SNOW much fun!
Get set for the slopes with our snow-fit workout and pick of the best local powder breaks
WHY: This improves your glute and hamstring strength as well as your agility, which will all be tested on the slopes. HOW: Stand with your feet shoulder-width apart, knees bent into a slight squat, chest up and core engaged. Keeping your knees bent, lightly jump your left foot across your body, keeping your right toes on the ground, and touch your right hand to the toes of your left foot as your left arm swings back. Come up and go straight into the move on the other side, using the lateral swing of your arms to create momentum.

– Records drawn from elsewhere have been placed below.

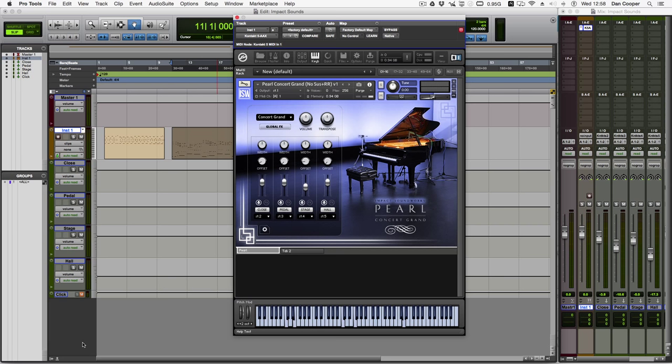Hi guys, Dan Cooper here from Pro Tools Expert, here with a review of Pearl Concert Grands by Impact Soundworks.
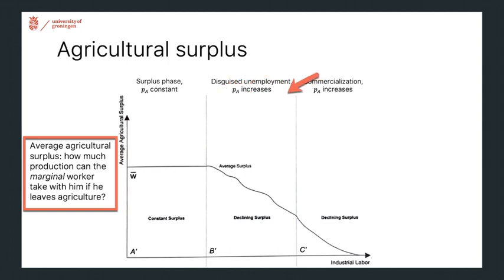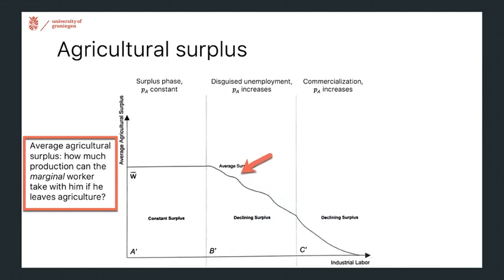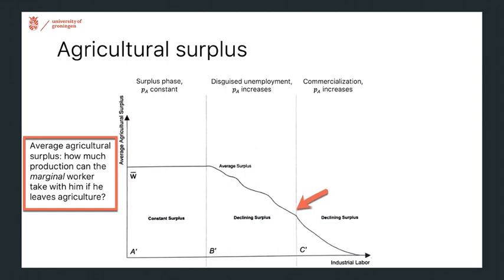Moving on, we get declining average surpluses because as workers continue to move to industry, total agricultural production starts to fall. When a worker leaves, agricultural production drops, so even though their average product is taken with them, total production also declines, leaving a lower average surplus. Because there's lower surplus and less production, we get rising food prices.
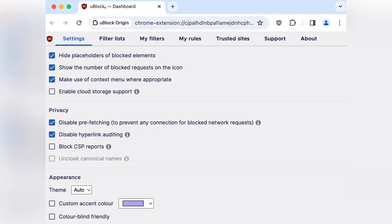Click on the uBlock Origin icon on your browser toolbar, then click on the gear icon to open the settings menu.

Alternate sides for 40 seconds.
ONE- LEGGED SQUAT
WHY: Strengthens the glutes, hamstrings and quads, which all support and stabilise the knee – a common injury area for skiers. HOW: Stand about half-a-foot distance in front of a chair. Engage your core, lift your chest and look forwards at a fixed point ahead of you throughout. Lift your left leg a few centimetres off the ground. Raise your arms out to the sides for balance as you simultaneously squat your butt back and down until it just touches the chair, then immediately lower your arms to generate momentum as you drive through your right foot and return to the starting position. Continue for 40 seconds, then repeat on the other side.
PLANK INTO LUNGE
WHY: The up-and-down action builds stamina in your lower body and core. HOW: Assume a plank position on your hands, core engaged and legs tight. Jump your right foot forwards and rise to a lunge, lowering your left knee towards the ground. Use a jumping action to switch legs into a left-leg lunge, then jump your left foot back to return to the plank position. Continue, alternating legs, for 40 seconds.
STAR JUMP AND SQUAT
WHY: Builds strength in your legs, arms and shoulders and tests your coordination skills. HOW: Stand tall, feet hip-width apart, core engaged, chin in and shoulders relaxed. Do a star jump, clapping your hands above your head. As you land, push your butt back and lower into a squat, then jump back up to the starting position and continue for 40 seconds.